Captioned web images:
□ □ □ □ □ □ □
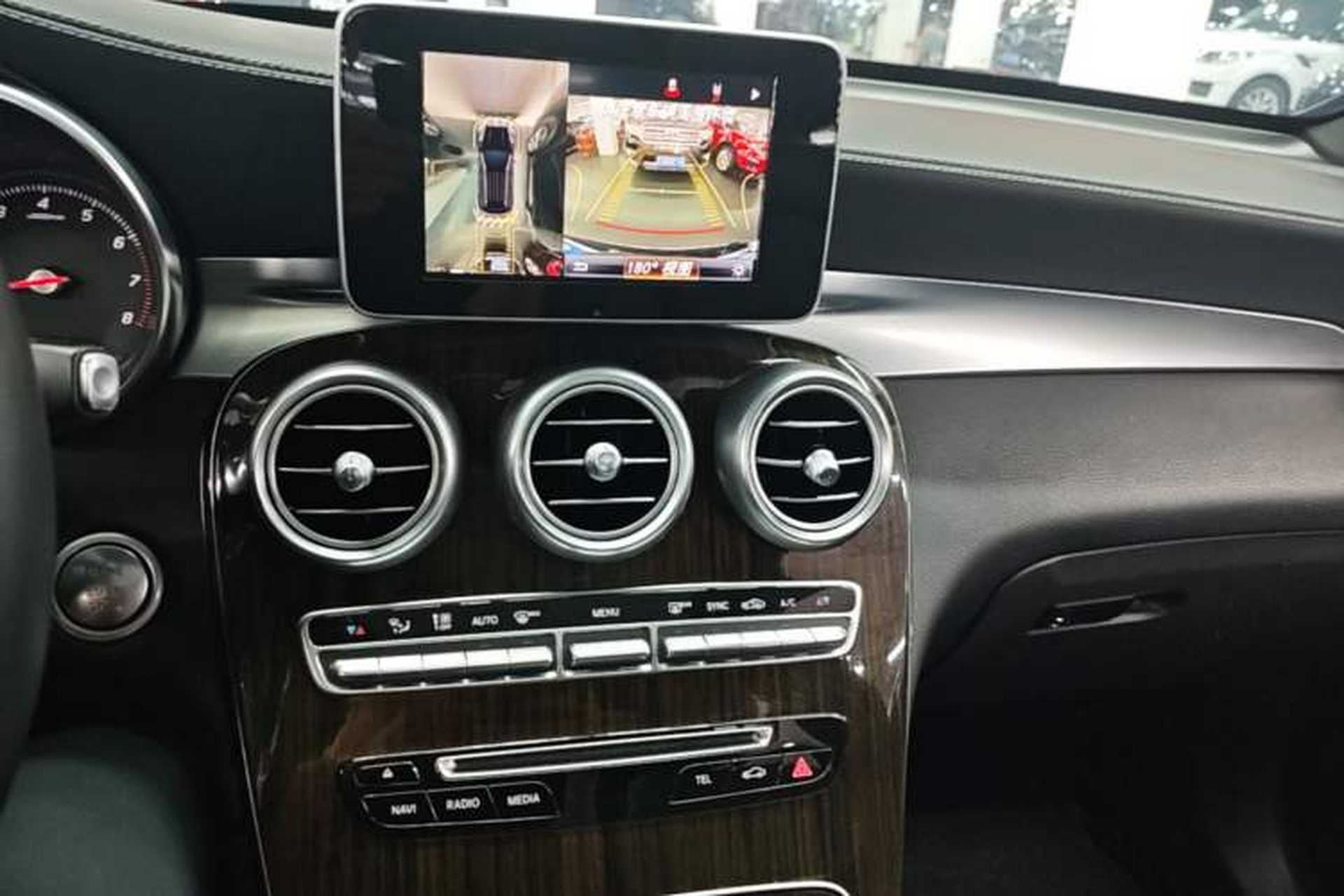Used Mercedes-Benz GLC 2017 GLC 260 4MATIC Luxury Model Audio And AC Panel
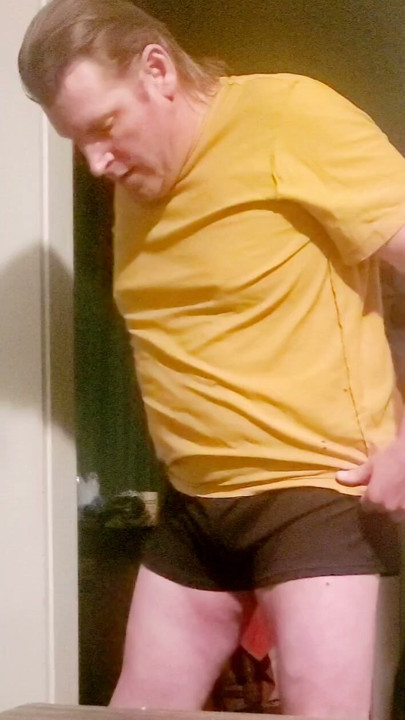 Lee Przybylowicz shows his camel toe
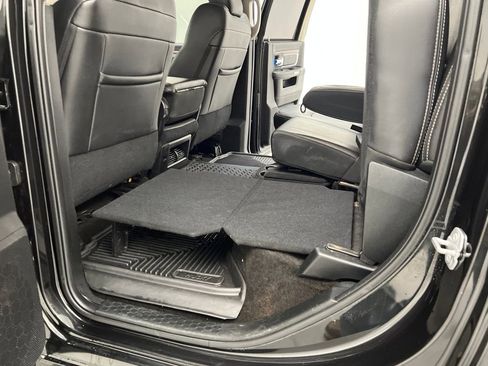 Used 2018 RAM 2500 Laramie image 16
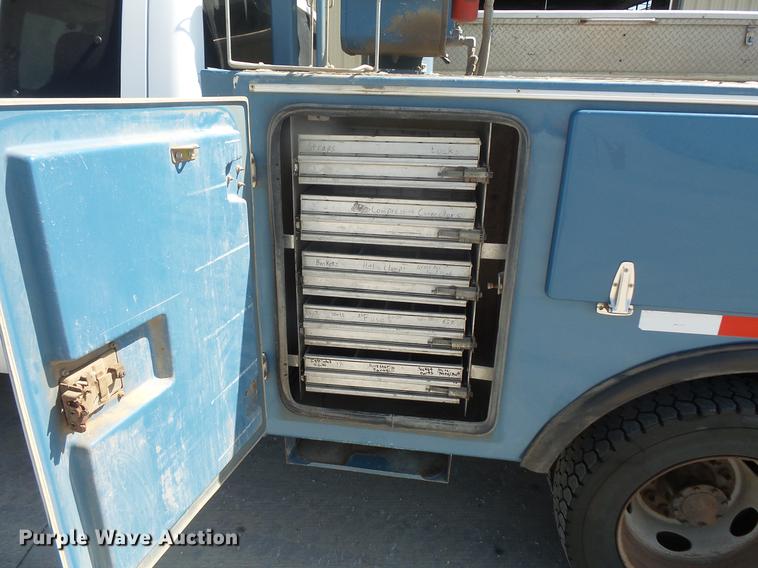 image for item DB8147 2009 Ford F550 Super Duty SuperCab bucket truck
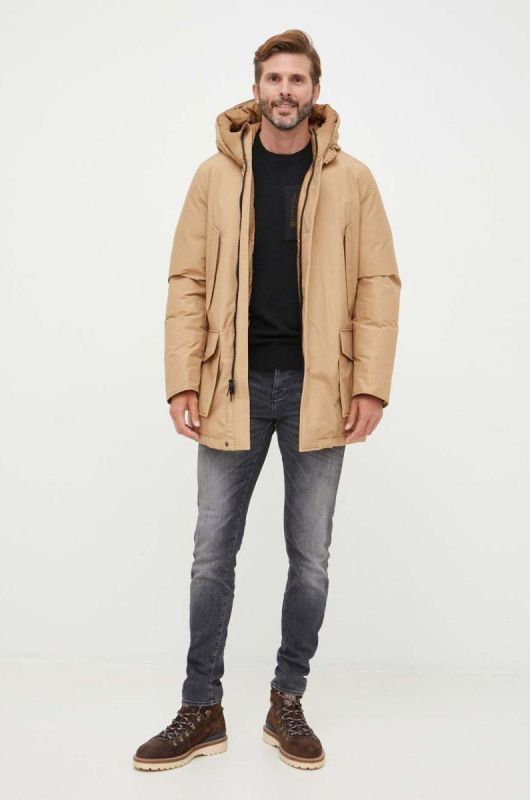 Пухова куртка Woolrich чоловіча колір бежевий зимова CFWOOU0483MRUT0001-ABR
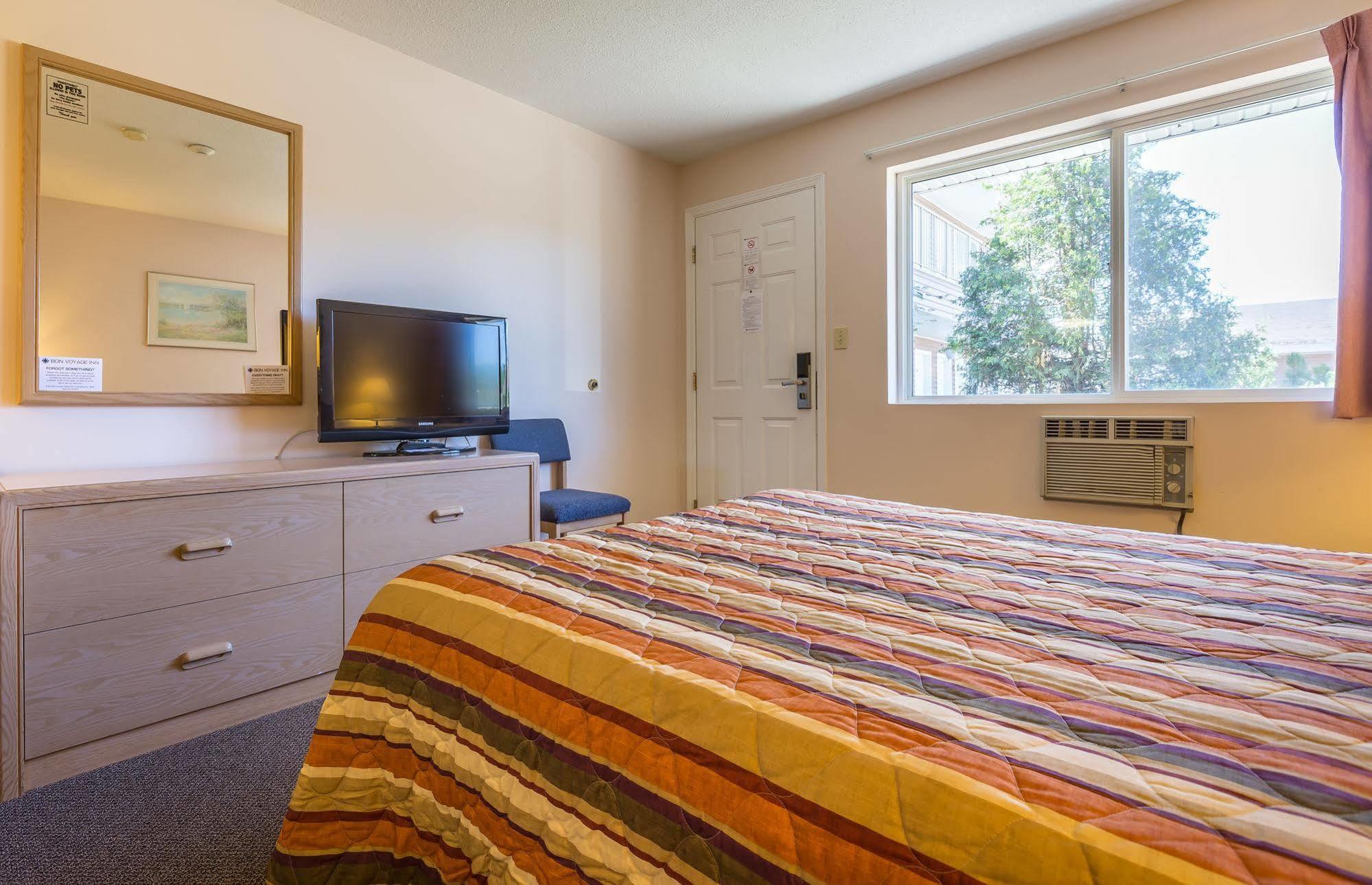 Bon Voyage Inn Prince George Exteriér fotografie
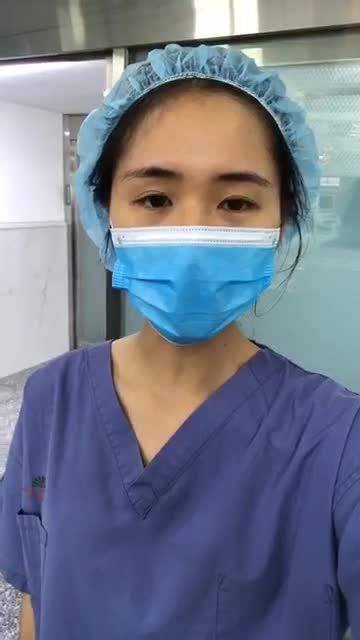 Nâng ngực túi Motiva size 300 cc khách hàng 26 tuổi teo tuyến sau sinh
□ □ □ □ □ □ □
TASK REQUIREMENTS.
Without the pictures, retype each line of the records above exactly.

TASK ANSWER.
Used Mercedes-Benz GLC 2017 GLC 260 4MATIC Luxury Model Audio And AC Panel
 Lee Przybylowicz shows his camel toe
 Used 2018 RAM 2500 Laramie image 16
 image for item DB8147 2009 Ford F550 Super Duty SuperCab bucket truck
 Пухова куртка Woolrich чоловіча колір бежевий зимова CFWOOU0483MRUT0001-ABR
 Bon Voyage Inn Prince George Exteriér fotografie
 Nâng ngực túi Motiva size 300 cc khách hàng 26 tuổi teo tuyến sau sinh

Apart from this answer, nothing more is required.